Prior Inconsistent Statement in D.C.
According to D.C. Code § 14-102(b)(1), a statement is not hearsay if (1)the declarant testifies at trial and is subject to cross-examination concerning the statement and (2) the statement is inconsistent with the declarant’s testimony and was given under oath subject to the penalty of perjury at a trial, hearing, or other proceeding, or in a deposition. See also D.C. Criminal Jury Instruction 2.216 (Evaluation of Prior Inconsistent Statement of a Witness).
The federal analog to this rule in D.C. is Federal Rule of Evidence 801(d)(1)(A).
A statement introduced under this exception to the hearsay rule is considered “substantive evidence.” That is, it can be considered as affirmative proof of the matter asserted.
Prior inconsistent statements can also be used for simple impeachment. (Impeachment is the act of discrediting a witness, as by catching the witness in a lie or by demonstrating that the witness has been convicted of a criminal offense.).
In cases of simple impeachment, however, the prior statement can only be used to attack the credibility of the witness. It cannot be used as affirmative proof of the statement’s contents.
In either case, the party seeking to introduce a prior inconsistent statement must confront the declaring party before introducing it. This gives the declaring party an opportunity to explain it.

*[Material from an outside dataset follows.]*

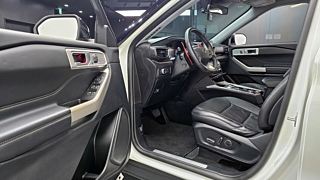 FORD EXPLORER 2020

Specifically, the cross-examiner must direct the witness’ attention to the time, place and circumstances of the prior inconsistent statement and afford the witness the opportunity to explain the inconsistency. This is known as the “Rule in Queen Caroline’s Case” from an old case in Great Britain.
Substantive Use of Prior Inconsistent Statement
In Lewis v. United States, the government confronted the complainant with his conflicting testimony before the grand jury when he testified at trial that he could remember having recognized the two robbers.
The D.C. Court of Appeals found that the complainant’s grand jury testimony was admissible as non-hearsay because (1) the complainant was subject to cross-examination at trial and (2) his prior inconsistent statement to the grand jury was made under oath subject to penalty of perjury. Lewis v. United States, 996 A.2d 824 (D.C. 2010).
A prior inconsistent statement not made under oath but adopted by the witness during his/her trial testimony also qualifies for use as substantive evidence. Byers v. United States, 649 A.2d 279, 284 (D.C. 1979).
A witness’ claimed lack of memory regarding the relevant events, whether real or feigned, is deemed “inconsistent” when the witness has given prior testimony regarding the events. Diggs v. United States, 28 A.3d 585, 594 (D.C. 2011); Mercer v. United States, 864 A.2d 110, 113-14 (D.C. 2004).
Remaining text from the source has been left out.